Astronaut Donald Slayton:

"I was testing a P-51 fighter in Minneapolis when I spotted this object. I was at about 10,000 feet on a nice, bright, sunny afternoon. I thought the object was a kite, then I realized that no kite is gonna fly that high. As I got closer it looked like a weather balloon, gray and about three feet in diameter. But as soon as I got behind the darn thing it didn't look like a balloon anymore. It looked like a saucer, a disk. About the same time, I realized that it was suddenly going way from me-and there I was, running at about 300 miles per hour. I tracked it for a little way, and then all of a sudden the xxxx thing just took off. It pulled about a 45 degree climbing turn and accelerated and just flat disappeared." Donald Slayton, Mercury astronaut, in a 1951 interview."

Astronaut Brian O'Leary:

"We have contact with alien cultures."

Former Chief of NASA Communications Systems, had the following to say:

"All Apollo and Gemini flights were followed, both at a distance and sometimes also quite closely, by space vehicles of extraterrestrial origin - flying saucers, or UFOs, if you want to call them by that name.

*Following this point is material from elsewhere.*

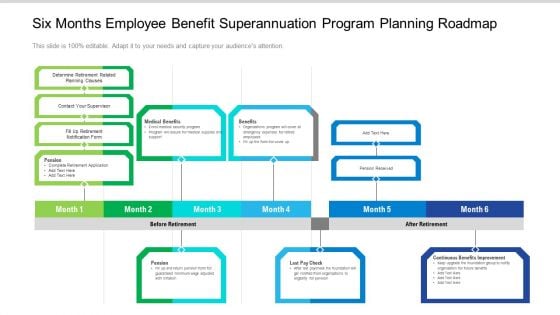 Six Months Employee Benefit Superannuation Program Planning Roadmap Themes Six Months Employee Benefit Superannuation Program Planning Roadmap Themes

Every time it occurred, the astronauts informed Mission Control, who then ordered absolute silence."
 
And just in case there was any doubt you’re a woo-woo crank, out come the oft-reguriposted unverifiable “quotations” that various astronauts are supposed to have made. :rolleyes:
:facepalm:
 
No, these have been doing the rounds for years. They are routinely trotted out by UFO nuts in countless forums across teh interweb. She's reguriposted them from a website somewhere.